We implemented the calculations in a spreadsheet. However, they can also be programmed in any programming language such as R or Phyton. To make this task easier, in the Appendix A, we display a pseudocode linked with these calculations.

It can be verified that the triangular approximation calculated with (37)–(38) to the original IFNs, which were previously calculated throughout (32)–(33) in the case of ${}_{10}\widetilde{p_{65},}$ and with (36) in the case of $\widetilde{e_{65}}$, works well. The endpoints of the $〈\alpha ,\beta 〉$-cuts in the case where the largest errors occurred, which were placed in ${e_{65}}_{\beta }^{*}$ and never exceeded 1%.

3.3. Pricing Immediate Whole-Life Annuities and Immediate Whole-Life Insurance with Intuitionistic Fuzzy Parameters

Life contingency pricing requires establishing not only an adequate rating of covered contingencies but also an adequate discount rate for linked cash flow. A clear distinction can be drawn between an insurer’s liability pricing setting and the sale of policies to third parties, as in the case of life settlements. In the first case, the interest rate is the so-called technical interest rate. In this context, the insurer’s projection should align with the anticipated profitability of the portfolio in which premiums are invested, often comprising a substantial portion of public debt bonds (Eling and Holder 2013). Conversely, when pricing an LS, the discount rate, also referred to as the internal rate of return (IRR), is greater. This is because it is obtained by adding a premium to the risk-free interest rate to reward the risks assumed by the policy buyer, such as those linked to longevity and liquidity (Braun and Xu 2020) and asymmetric information (Bauer et al. 2020).

Whether in one situation or the other, denoting the discount rate as $i$, the unitary pricing of immediate whole annuities and immediate whole insurance is determined as follows.

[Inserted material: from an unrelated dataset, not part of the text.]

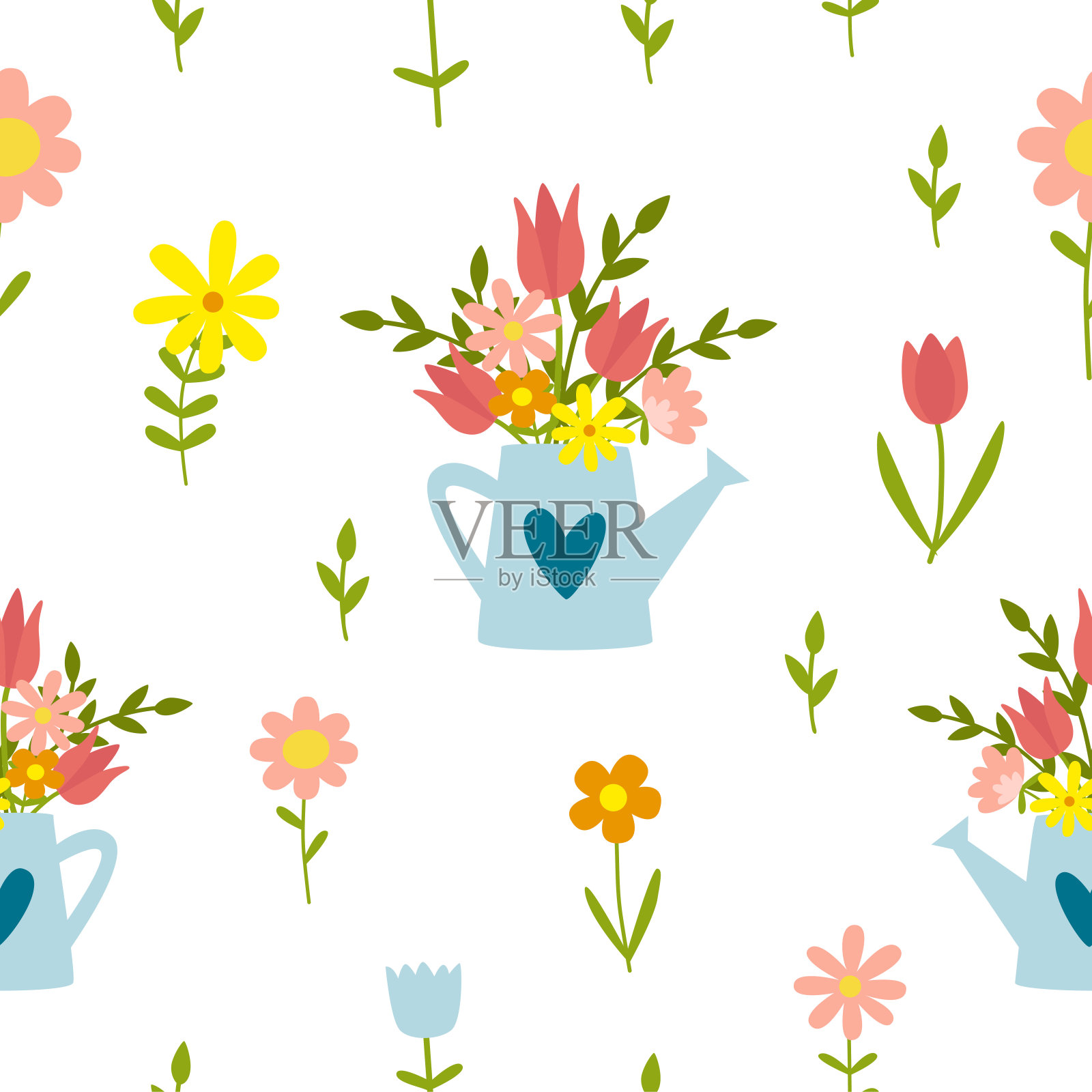 花型无缝图案适用于面料、服装、节日、包装纸、装饰。矢量插图。插画图片素材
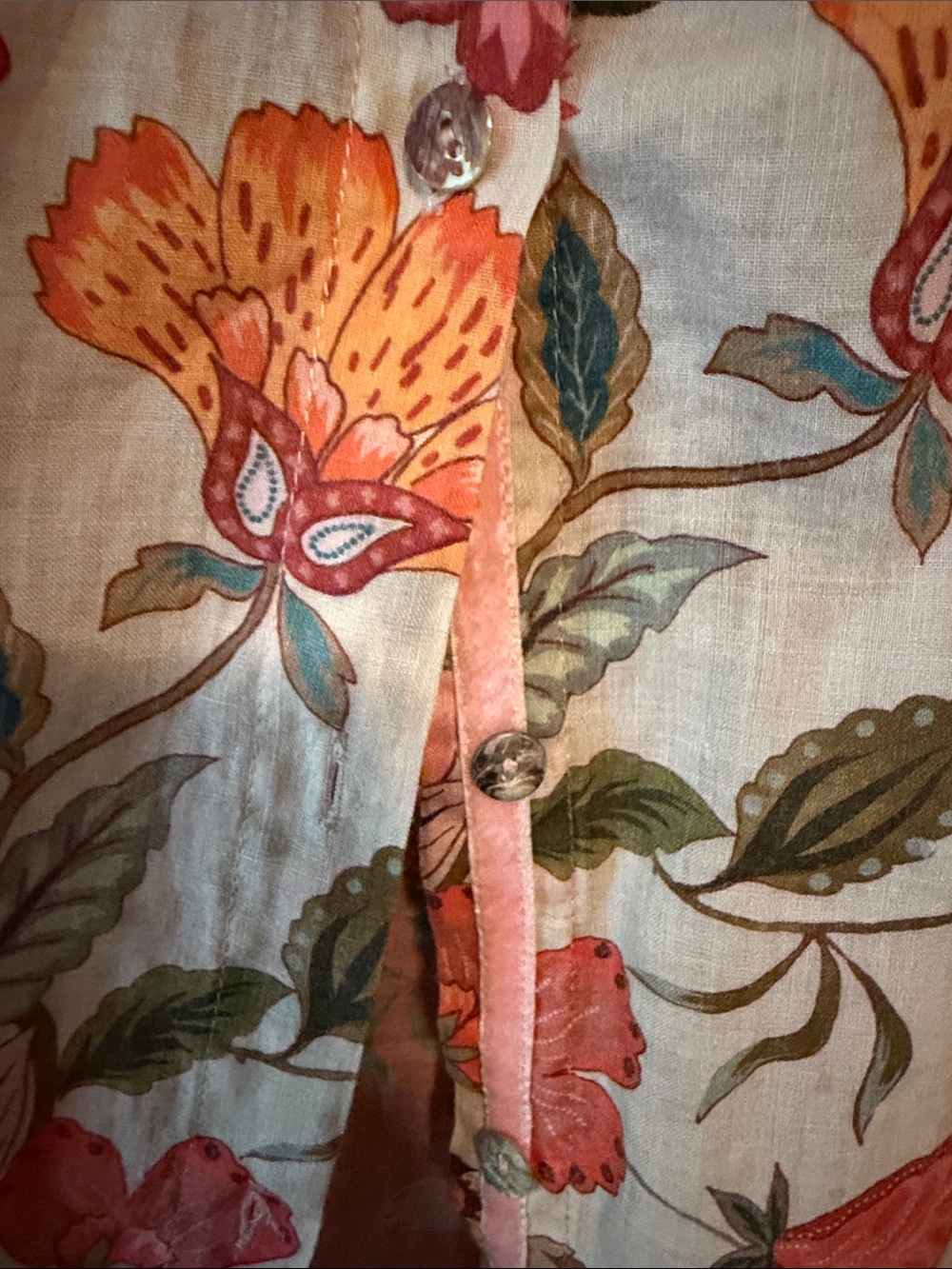 Johnny Was Workshop Floral Button-Up Shirt - Coral & Green on Cream - Picture 3 of 4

$$a_x\left(i,k,{\mathit{q}}_{\mathit{x}}^{\mathit{S}}\right)=\sum _{t=1}^{\infty }{\left(1+i\right)}^{-t}{}_{t}p_x=\sum _{t=1}^{\infty }{\left(1+i\right)}^{-t}\prod _{j=0}^{t-1}\left(1-\min \left\{1,k·q_{x+j}^S\right\}\right),$$

(39)

$$\begin{array}{ll}{A}_x\left(i,k,{\mathit{q}}_{\mathit{x}}^{\mathit{S}}\right)& ={\displaystyle \sum _{t=0}^{\infty }}{\left(1+i\right)}^{-(t+1)}{}_{t-1}p_x·q_{x+t}\\ & ={\displaystyle \sum _{t=0}^{\infty }}{\left(1+i\right)}^{-(t+1)}{\displaystyle \prod _{j=0}^{t-1}}\left(1-\min \left\{1,k·q_{x+j}^S\right\}\right)·\min \left\{1,k·q_{x+t}^S\right\}.\end{array}$$

(40)

In this regard, it is easy to check that $\frac{{\partial a}_x}{\partial i},\frac{{\partial a}_x}{\partial k},\frac{{\partial a}_x}{\partial q_{x+j}^S},\frac{{\partial A}_x}{\partial i}$ ≤ 0 and $\frac{{\partial A}_x}{\partial k},\frac{{\partial A}_x}{\partial q_{x+j}^S}\ge 0$.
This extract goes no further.